At December’s Design Biennial Istanbul, design firm KozSusani debuted justaddwater, an advanced kitchen system concept that combines fresh produce, nutritional supplements, and flavorings into pill-shaped meal replacements. Described as “supporting the entire nutritional experience,” justaddwater allows individuals to optimize dietary intake and simplify meal prep. Though one can understand the functional benefits of this molecular gastronomy-meets-dietary supplement approach, we can’t help but ask the obvious: is this how people want to eat?
A healthy meal, encapsulated
Before we dive into the future of eating, let’s investigate exactly what justaddwater proposes. KozSusani envisions a kitchen full of smart appliances that monitor individuals’ activity and vitamin levels, daily schedules, and taste preferences. Based on that collected data, appliances then customize recipes for each diner. Instead of combining several ingredients, these recipes mix fresh produce with “flavor pills” that season the dishes and provide nutritional benefits—eliminating any mastery or effort required in cooking.
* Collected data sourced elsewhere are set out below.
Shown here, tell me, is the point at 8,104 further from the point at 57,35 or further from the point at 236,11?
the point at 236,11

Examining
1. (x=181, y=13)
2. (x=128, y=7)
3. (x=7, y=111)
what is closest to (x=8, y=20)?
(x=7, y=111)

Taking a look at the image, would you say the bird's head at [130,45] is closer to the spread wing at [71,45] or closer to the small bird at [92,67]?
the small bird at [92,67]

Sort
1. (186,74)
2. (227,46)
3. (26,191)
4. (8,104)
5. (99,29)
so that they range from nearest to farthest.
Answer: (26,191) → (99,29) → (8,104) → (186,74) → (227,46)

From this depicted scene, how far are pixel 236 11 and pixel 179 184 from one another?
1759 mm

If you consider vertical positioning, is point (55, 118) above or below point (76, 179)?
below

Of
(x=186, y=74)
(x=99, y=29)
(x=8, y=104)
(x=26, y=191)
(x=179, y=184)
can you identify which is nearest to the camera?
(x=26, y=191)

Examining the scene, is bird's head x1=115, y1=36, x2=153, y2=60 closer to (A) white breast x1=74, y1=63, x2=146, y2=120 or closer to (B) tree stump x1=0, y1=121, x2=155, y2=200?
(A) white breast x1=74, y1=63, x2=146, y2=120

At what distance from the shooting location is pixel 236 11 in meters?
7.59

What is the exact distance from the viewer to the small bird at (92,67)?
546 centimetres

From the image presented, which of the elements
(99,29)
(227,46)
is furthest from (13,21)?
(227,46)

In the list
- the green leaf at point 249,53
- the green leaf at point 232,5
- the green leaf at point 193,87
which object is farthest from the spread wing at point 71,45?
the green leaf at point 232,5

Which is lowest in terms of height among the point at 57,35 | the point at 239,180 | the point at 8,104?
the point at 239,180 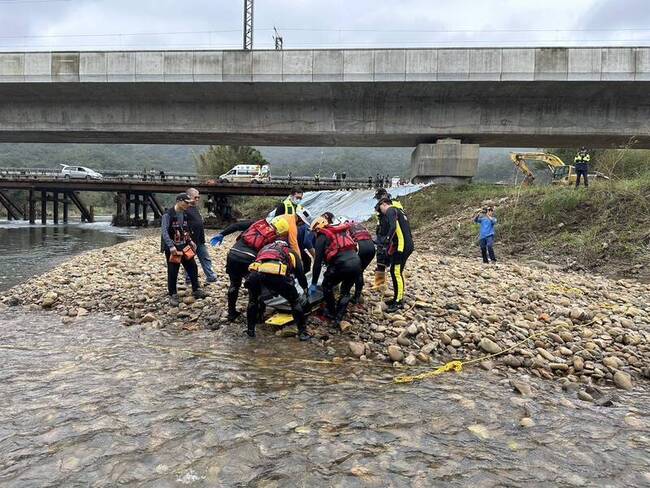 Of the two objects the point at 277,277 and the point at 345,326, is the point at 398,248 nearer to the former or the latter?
the point at 345,326

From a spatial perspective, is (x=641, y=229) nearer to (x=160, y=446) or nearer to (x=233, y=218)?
(x=160, y=446)

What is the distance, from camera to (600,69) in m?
19.0

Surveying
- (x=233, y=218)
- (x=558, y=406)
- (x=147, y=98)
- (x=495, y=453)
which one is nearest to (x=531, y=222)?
(x=558, y=406)

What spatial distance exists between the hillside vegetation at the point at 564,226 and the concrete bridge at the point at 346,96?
5.16 metres

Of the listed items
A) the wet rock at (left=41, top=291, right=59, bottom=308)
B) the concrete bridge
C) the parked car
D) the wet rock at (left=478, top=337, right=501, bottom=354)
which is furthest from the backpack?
the parked car

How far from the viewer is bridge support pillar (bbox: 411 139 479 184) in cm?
2228

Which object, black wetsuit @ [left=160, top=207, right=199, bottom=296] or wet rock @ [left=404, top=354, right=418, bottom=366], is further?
black wetsuit @ [left=160, top=207, right=199, bottom=296]

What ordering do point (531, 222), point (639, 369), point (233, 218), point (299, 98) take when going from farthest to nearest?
point (233, 218)
point (299, 98)
point (531, 222)
point (639, 369)

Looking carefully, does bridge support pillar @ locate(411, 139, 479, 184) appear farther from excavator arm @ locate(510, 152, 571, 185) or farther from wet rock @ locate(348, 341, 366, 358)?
wet rock @ locate(348, 341, 366, 358)

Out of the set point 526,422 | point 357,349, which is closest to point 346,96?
point 357,349

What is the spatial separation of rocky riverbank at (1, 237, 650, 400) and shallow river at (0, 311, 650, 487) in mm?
564

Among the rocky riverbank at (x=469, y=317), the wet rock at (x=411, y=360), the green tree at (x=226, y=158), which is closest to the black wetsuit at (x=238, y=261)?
the rocky riverbank at (x=469, y=317)

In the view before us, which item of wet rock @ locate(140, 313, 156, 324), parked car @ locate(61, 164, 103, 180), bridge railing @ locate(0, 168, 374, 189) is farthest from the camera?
parked car @ locate(61, 164, 103, 180)

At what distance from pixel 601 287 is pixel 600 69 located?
1436 cm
Sound sci-fi? It should. The concept of meal-replacement pills has been a staple in futuristic literature and film since the early 20th century, on the heels of new developments in processed foods (notably the TV dinner). As the BBC explains, synthetic meals were heralded as tools of female empowerment (untethering women from the kitchen) and fixtures of an increasingly intelligent human race, able to improve efficiencies without sacrificing taste.
But what about slow food?
Turns out food consumption didn’t progress exactly as sci-fi predicted; culinary circles revolted against food processing and formed what we today call the “slow food” movement—an emphasis on locally-sourced ingredients and hands-on cooking. Paradoxically, slow food has succeeded as a movement due to our increasingly efficient lifestyles: because we’ve been able to shorten the workday, manage tasks mobile-y, and outsource basic tasks, we can approach cooking as a craft, or luxury. Cooking can only be “slow” if putting food on the table is not a priority.
justaddwater tries to simultaneously satisfy consumers’ desires for efficiency and quality. The resulting concept seems rather shallow—its process isn’t fully efficient, nor is it really focused on natural bounty. Ultimately, justaddwater touches upon elements of different consumer trends to create an installation that’s a bit dystopian and oddly gimmicky. By removing the involvement of cooking and limiting the true convenience of meal replacements, the installation places the future of food into murky water.
The future isn’t what it used to be
justaddwater debuted at the Turkish Design Biennial with the theme, “The future is not what it used to be.” Taken from a statement by French poet Paul Valéry, the title comments upon our relative inability as designers to predict future processes, given variables such as technology, environment, resources, and cultural context. Thus, conceptual projects often say more about current sentiments than they do about the future.
When evaluated from this perspective, justaddwater doesn’t seem so far-fetched. Will our future meals combine produce with “flavor pills?” Probably not. However, justaddwater is a poignant look at our inability as consumers to choose between convenience and conservation, and our difficulty in trying to reconcile technology with tradition.